My body has been through so much — births, miscarriages, trauma, surgeries, heartbreak, joy, and a thousand silent battles no one will ever see. This body carried seven babies, and it carried the weight of grief when it couldn’t carry some of them long enough. It has protected me through trauma, stood tall in rooms that tried to shrink me, and kept going even on the days I begged it to quit.
And yet… here I am, 44, looking in the mirror and realizing I don’t have the same curves that my confidence once carried. The stretch marks, the softness, the shifts in shape — they all tell stories I didn’t ask for but earned with every year I’ve survived.
Some days I miss the body I used to have.
Some days I miss the version of me who never had to think twice about a picture, a dress, or how my jeans fit after a long weekend.
And some days… I just feel tired of trying to measure myself against a woman I no longer am.
But lately something in me is changing.
I’m slowly learning to live in this body — not fight it, not judge it, not punish it. Live in it.
This body has held all my children.
This body has buried one.
This body has walked out of trauma that should have broken me.

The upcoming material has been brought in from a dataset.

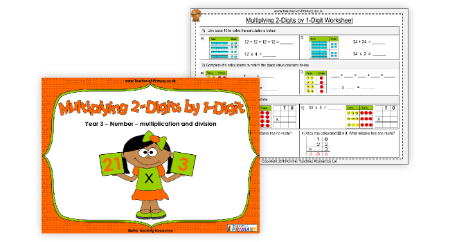 Introducing Multiplying 2-Digits by 1-Digit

This body has stood behind podiums, in courtrooms, in classrooms, and in front of survivors who needed someone strong.
This body is still here.
And maybe that’s worth loving.
Loving my body at 44 looks different. It’s quieter. Gentler. Less about the mirror and more about gratitude. It’s noticing the way my legs still carry me through hard days. The way my hands comfort my kids. The way my heart still expands even after being shattered.
Learning to love this version of me means understanding that confidence doesn’t live in curves — it lives in survival, in resilience, in the decision to show up for myself every single morning.
I don’t have the same body I had at 24.
But my 24-year-old body didn’t know the love, loss, strength, or healing that my 44-year-old body carries.
And honestly?
I wouldn’t trade that for anything.
I’m still learning to love this body — slowly, intentionally, and with a little more grace than I used to give myself.
And if you’re reading this and feeling the same way… you’re not alone. We can learn together.